Midas takes centre stage at Glastonbury

A number of Midas digital consoles were once again used across this year’s Glastonbury festival.

RG Jones supplied XL4s with an XL88 matrix mixer for the Pyramid Stage, which were used by such artists as BB King, Wu-Tang Clan and Plan B. Several other acts also brought their own Midas desks with them to the Pyramid Stage, including Biffy Clyro, Paolo Nutini, Morrissey and Pendulum.

On the Other Stage, Skan was using its familiar formula of two XL4s at FoH and two H3000s on stage. A South West Audio PRO6 was used at FoH at the Park Stage, where Pulp and Radiohead made guest appearances. Pulp’s engineer, Matt Butcher, was so impressed during production rehearsals that he and the band have since exchanged their usual digital console for a PRO6 for the rest of their summer schedule. He commented: “We did an A/B test in rehearsals and the PRO6 sounded so much better: bigger and wider and cleaner than the other one,” says Butcher. “The difference in sound was immediately apparent to me, and Jarvis noticed too, so we ended up swapping consoles.”

Marcus Dalmeida and Jerey Denning were running FoH for South West Audio at The Park. “We ran a system of writing patches in the offline editor in real time at FOH, updating as the bands arrived, which enabled us to configure the desk for the incoming guest engineers,” said Dalmeida. “This made their time much more relaxed as the desk was configured to their patch list, and VCA and POP(ulation) Groups were preconfigured for them. We had a mixture of top touring engineers, together with Midas PRO6 virgins, some of whom were a little apprehensive about walking into a festival situation with an unfamiliar digital desk, but after a two minute tour of the desk they realised how simple the control surface was, and there were some really impressive mixes.
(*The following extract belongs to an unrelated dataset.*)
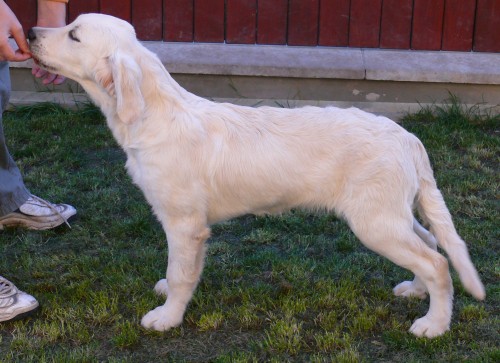 Fene�ka zlat� retr�vr s PP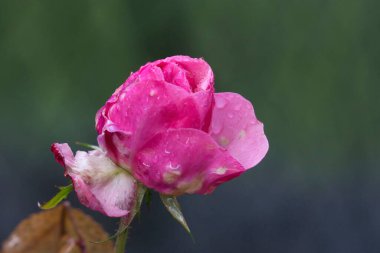 Pembe parlak, kalın gül tomurcuğu suyla kaplı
“We had many glowing comments, such as, ‘Wow this system sounds so good’, and ‘it was a real pleasure mixing on such a precise desk’, and the engineers were delighted at how easy it was to use.
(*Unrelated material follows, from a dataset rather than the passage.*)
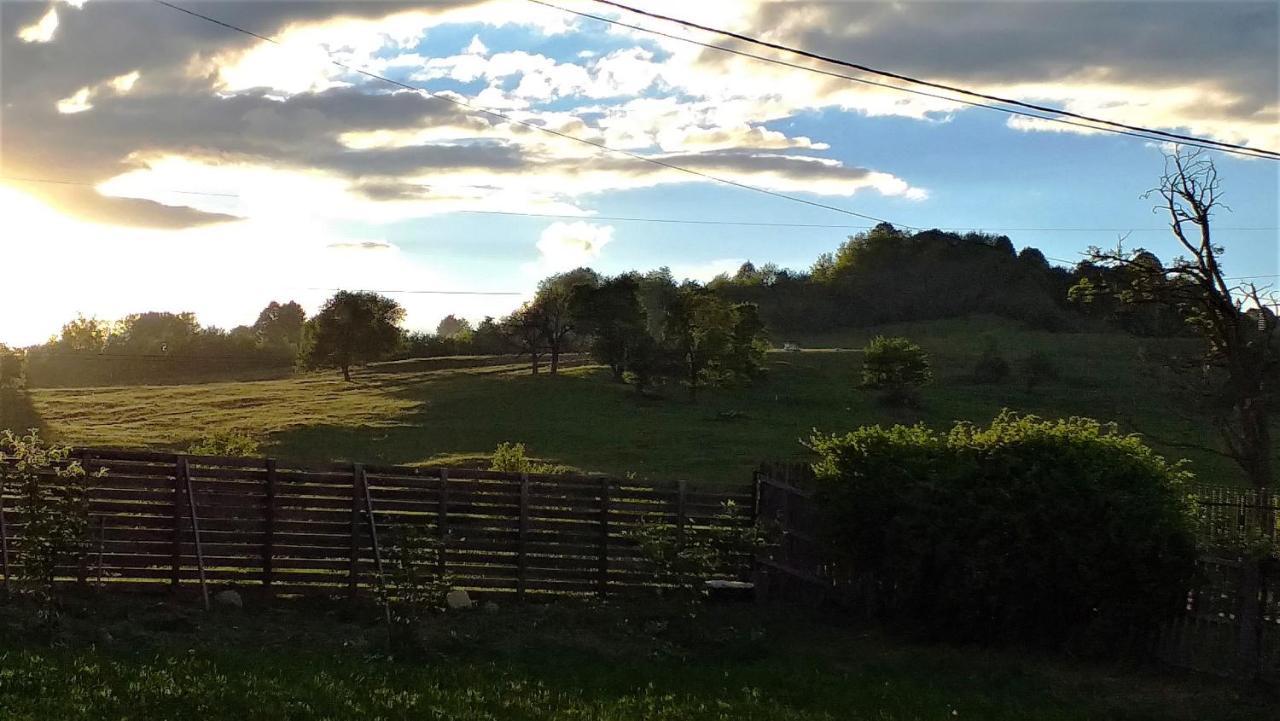 La Livada Villa Valea Danului Eksteriør billede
“Jerey and myself had a very enjoyable time and were proud of the sound quality on our stage; the desk has a very tactile feel to it which is very similar to Midas analogue. In our humble opinion it’s the best digital desk in the world.”
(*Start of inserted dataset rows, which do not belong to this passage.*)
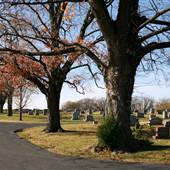 Country Road in a Cemetery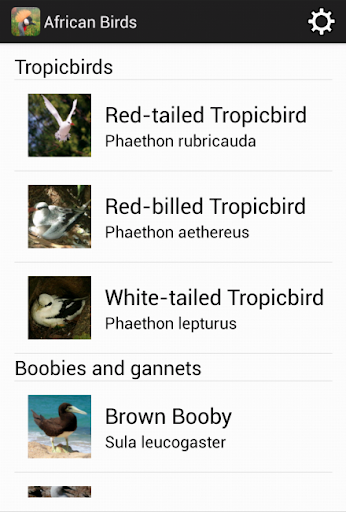 African Birds Wildlife Guide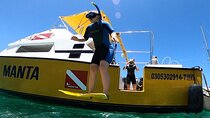 Guided by Divemaster, Cabo San Lucas short Snorkeling Tour MANTA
The BBC Introducing Stage saw a PRO9 at FoH, which was handled by Arron Sayers, also from the South West Group. “Despite the rain and muddy conditions this year, the Midas PRO9 performed beautifully and made the festival that little bit more enjoyable, “ said Sayers. “Both myself and the guest engineers enjoyed working on the console. After a two minute explanation of where its features could be found, even those who had never used the PRO range found ‘mixing on the fly’ intuitive and easy.”